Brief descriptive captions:

((

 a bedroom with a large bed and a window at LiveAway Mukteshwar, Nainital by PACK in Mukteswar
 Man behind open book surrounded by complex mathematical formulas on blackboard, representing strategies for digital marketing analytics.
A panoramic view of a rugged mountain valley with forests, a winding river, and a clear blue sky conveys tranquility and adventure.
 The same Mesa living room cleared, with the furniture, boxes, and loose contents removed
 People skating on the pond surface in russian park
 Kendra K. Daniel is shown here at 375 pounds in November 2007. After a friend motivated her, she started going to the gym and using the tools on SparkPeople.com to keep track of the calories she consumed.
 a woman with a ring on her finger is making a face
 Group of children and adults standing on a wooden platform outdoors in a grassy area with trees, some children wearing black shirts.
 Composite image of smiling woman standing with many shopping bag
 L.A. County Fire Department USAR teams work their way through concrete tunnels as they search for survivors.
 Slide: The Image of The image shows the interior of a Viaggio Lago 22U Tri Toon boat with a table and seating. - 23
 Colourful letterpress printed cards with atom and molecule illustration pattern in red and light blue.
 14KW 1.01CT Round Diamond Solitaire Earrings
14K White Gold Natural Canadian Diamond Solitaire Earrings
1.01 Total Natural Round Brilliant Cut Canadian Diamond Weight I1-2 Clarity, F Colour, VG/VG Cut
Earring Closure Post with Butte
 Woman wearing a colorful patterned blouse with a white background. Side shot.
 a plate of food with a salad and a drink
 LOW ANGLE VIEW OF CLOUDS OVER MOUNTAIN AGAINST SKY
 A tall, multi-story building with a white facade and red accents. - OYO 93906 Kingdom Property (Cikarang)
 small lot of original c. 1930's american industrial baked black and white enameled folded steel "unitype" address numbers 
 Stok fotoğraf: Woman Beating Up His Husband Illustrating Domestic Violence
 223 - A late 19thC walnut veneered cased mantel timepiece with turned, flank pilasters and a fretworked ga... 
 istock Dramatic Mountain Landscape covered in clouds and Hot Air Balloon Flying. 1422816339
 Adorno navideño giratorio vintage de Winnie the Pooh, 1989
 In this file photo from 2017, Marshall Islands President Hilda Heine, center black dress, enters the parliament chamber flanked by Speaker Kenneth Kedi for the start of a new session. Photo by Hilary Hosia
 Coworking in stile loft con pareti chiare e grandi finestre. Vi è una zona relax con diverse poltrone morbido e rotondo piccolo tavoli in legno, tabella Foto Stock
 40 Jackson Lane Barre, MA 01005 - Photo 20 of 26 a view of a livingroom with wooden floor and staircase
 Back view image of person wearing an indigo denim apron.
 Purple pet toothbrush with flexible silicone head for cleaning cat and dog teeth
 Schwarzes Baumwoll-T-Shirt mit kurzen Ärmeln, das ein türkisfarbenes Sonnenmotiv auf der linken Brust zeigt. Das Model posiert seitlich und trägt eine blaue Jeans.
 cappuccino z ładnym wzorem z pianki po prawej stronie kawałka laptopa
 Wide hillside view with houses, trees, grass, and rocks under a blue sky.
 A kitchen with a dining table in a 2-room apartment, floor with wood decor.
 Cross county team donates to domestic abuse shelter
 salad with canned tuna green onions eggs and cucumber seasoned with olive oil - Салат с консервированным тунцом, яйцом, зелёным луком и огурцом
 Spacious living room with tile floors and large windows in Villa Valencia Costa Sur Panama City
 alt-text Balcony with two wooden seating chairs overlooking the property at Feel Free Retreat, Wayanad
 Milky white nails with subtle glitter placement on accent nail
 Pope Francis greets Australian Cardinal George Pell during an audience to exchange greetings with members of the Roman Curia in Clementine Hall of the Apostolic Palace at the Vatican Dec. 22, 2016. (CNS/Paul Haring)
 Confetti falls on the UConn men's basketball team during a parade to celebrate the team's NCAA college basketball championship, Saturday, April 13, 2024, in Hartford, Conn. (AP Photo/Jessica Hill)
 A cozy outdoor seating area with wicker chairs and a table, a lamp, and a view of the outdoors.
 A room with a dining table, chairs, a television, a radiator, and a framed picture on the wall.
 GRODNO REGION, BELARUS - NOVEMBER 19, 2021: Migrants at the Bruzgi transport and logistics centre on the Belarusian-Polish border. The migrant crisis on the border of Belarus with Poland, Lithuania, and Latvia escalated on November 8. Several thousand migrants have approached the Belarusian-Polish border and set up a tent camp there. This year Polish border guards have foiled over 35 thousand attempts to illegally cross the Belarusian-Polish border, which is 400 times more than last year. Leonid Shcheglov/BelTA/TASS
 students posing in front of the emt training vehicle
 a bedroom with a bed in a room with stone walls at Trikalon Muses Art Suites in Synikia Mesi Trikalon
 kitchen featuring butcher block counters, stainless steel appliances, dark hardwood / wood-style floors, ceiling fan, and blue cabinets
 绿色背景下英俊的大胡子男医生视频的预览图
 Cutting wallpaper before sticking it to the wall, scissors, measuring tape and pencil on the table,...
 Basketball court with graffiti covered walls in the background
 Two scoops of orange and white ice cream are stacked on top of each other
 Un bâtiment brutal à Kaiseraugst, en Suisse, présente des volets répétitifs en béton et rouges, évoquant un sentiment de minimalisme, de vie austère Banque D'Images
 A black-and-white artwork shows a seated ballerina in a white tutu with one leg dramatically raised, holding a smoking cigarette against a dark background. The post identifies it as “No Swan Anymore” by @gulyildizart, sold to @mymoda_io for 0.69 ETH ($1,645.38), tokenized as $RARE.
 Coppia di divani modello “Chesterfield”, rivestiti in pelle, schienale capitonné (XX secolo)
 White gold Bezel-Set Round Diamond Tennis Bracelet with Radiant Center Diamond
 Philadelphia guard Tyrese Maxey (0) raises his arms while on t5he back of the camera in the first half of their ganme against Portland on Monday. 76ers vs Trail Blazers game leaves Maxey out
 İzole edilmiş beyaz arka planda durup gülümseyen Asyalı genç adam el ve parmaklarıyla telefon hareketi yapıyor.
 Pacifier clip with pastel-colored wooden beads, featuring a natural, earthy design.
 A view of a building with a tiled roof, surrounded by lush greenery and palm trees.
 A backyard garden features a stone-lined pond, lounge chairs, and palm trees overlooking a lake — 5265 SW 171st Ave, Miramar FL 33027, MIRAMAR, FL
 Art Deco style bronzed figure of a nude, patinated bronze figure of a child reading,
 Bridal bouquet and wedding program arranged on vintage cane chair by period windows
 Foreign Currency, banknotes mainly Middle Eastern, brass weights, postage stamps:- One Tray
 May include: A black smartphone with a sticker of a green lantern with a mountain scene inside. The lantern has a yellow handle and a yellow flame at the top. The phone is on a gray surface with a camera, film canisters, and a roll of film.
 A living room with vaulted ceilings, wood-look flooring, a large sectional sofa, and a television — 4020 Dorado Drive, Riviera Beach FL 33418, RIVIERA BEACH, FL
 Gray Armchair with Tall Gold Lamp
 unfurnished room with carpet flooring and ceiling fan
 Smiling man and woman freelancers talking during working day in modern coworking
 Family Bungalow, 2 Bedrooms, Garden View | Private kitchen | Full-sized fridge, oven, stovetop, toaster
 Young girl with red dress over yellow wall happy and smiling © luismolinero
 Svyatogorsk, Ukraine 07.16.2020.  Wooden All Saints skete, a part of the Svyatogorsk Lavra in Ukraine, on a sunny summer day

))

→ WHAT THIS TASK INVOLVES
Above are the records; copy every line in them that holds the word "overlooking".

→ OUTPUT BELOW
 alt-text Balcony with two wooden seating chairs overlooking the property at Feel Free Retreat, Wayanad
 A backyard garden features a stone-lined pond, lounge chairs, and palm trees overlooking a lake — 5265 SW 171st Ave, Miramar FL 33027, MIRAMAR, FL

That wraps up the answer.